Hillary Clinton is very fortunate to be running against one Donald J. Trump, a presidential candidate with a profound lack of foreign policy and national security know-how. On “Meet the Press,” he said he watches television shows for military advice. In a radio interview with Hugh Hewitt, Trump acknowledged that he didn’t know the leaders of any foreign terrorist organizations. And while speaking with George Stephanopoulos, he said that, if he becomes president, Vladimir Putin will never go into Ukraine, even though Putin is already there.

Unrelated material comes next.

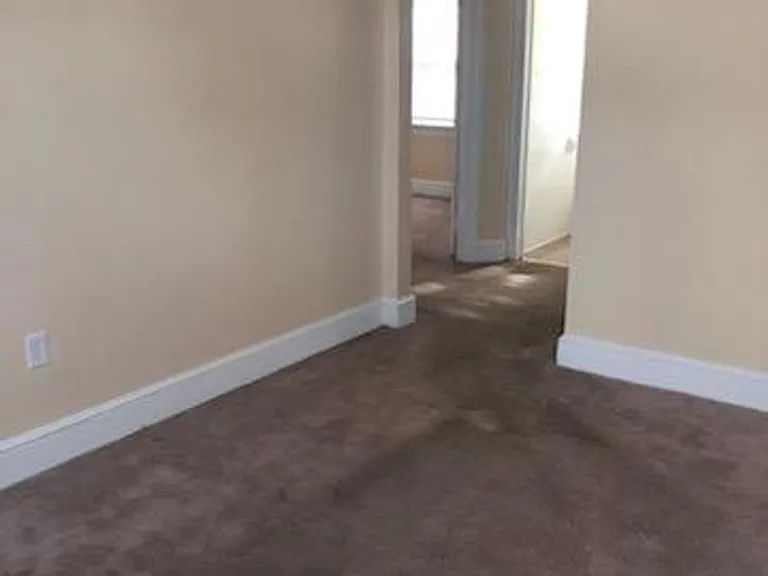 2310 Richmond Ave — Photo 2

His ignorance shines through his foreign policy proposals which are vague, incoherent and self-contradictory. His temperament hasn’t inspired much confidence in him either. A knowledge deficit mixed with self-restraint issues makes for a lethal presidential combination. This has inspired more than 50 Republican foreign policy and national security experts to, in an unprecedented move, sign a letter declaring Trump unfit to be commander-in-chief.
So although neither candidate makes me feel particularly safe, Trump makes me feel much, much less safe than Clinton.